At this point, I do not have any reserves. So, I won’t be as helpful, as I was before. In other words, do not expect anything from me-for the time being.
There are many times I am gulping down emotions and cannot get a response out, to those passing by. I am not trying to be rude.
For me what really works: “wordless signs of care”= a wave, a tap, a smile, hugs. I came up with that phrase, by myself, and I love it!!!
I would appreciate prayer for peace and comfort and for bad anymares-not just nightmares, to ease. I, also, need prayer about being more gracious and understanding- I know it is scarey for you all to wonder what to do or not to do. We all have a lot to learn.
I need folks to pause before asking “How are you doing?”, at this point. Unlike Shawn’s WBC numbers, we watched, earnestly, my situation can not be calculated. Again, “wordless signs of care”, are very powerful.

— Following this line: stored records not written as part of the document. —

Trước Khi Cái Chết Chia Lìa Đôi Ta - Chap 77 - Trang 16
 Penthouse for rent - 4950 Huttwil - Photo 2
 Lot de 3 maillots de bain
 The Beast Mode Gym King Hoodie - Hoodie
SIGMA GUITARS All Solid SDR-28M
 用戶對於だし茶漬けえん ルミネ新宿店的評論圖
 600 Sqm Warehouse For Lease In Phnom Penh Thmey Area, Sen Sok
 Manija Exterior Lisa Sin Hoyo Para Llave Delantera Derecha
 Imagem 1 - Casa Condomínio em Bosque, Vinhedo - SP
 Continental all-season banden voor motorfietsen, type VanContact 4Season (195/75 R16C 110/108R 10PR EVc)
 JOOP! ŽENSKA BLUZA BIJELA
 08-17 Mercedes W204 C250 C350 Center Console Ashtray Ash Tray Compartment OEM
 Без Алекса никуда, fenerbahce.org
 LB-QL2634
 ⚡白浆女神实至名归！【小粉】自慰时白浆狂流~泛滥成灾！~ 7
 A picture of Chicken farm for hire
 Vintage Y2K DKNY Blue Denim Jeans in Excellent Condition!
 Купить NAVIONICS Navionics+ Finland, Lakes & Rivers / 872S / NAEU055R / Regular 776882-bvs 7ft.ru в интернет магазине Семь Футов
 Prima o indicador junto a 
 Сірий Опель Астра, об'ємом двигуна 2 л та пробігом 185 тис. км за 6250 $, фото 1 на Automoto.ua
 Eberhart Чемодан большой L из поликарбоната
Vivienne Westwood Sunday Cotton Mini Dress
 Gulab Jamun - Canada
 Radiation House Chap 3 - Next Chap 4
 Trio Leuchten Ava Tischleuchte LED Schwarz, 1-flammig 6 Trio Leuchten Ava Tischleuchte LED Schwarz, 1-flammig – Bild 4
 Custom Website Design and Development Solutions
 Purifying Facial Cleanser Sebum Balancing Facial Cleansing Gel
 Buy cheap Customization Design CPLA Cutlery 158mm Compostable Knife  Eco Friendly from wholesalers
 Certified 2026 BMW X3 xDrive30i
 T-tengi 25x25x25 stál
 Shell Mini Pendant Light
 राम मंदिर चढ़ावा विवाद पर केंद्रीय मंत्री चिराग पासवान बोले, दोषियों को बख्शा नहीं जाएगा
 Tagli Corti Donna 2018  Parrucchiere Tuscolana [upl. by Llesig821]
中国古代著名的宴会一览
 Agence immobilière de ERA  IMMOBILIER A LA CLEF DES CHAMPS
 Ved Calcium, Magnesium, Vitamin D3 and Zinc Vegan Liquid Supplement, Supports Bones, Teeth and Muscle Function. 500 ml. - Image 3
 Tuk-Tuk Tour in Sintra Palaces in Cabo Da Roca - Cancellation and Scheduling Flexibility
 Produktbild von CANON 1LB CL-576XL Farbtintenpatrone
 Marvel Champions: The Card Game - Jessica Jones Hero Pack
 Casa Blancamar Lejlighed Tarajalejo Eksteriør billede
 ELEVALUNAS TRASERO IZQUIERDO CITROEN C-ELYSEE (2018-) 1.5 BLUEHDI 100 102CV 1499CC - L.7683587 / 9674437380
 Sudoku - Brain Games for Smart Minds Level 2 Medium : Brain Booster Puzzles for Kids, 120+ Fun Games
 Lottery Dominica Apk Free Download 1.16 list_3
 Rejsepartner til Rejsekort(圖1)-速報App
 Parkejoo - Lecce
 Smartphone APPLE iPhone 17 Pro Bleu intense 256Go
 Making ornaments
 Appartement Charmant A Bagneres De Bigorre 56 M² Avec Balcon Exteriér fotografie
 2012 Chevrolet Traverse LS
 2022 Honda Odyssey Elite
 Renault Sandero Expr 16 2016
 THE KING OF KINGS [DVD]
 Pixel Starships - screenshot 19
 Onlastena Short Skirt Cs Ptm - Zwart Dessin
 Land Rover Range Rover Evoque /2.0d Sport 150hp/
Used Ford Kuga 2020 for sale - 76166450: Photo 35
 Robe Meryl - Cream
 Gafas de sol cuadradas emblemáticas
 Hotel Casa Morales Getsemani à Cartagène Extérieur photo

I pray God would give each of you patience and courage, when it comes to dealing with me. Also, I do not have the plague.
Do not worry about all these changes happening in me, it only adds to the uncomfortableness of this situation.
Know this, when I was in my early teens, God gave me many scriptures to memorize. I, now, hold on to them tightly. I do trust God. But, at this time, I am afraid to open the hope door. I know I will selfishly want anything to ease this journey.
I am very thankful for all of you, as you have been on this journey with me, for several months, now. Thank you for caring/bravely. Thank you for the moments you have taken out of your busy day to send words to heaven regarding my situation.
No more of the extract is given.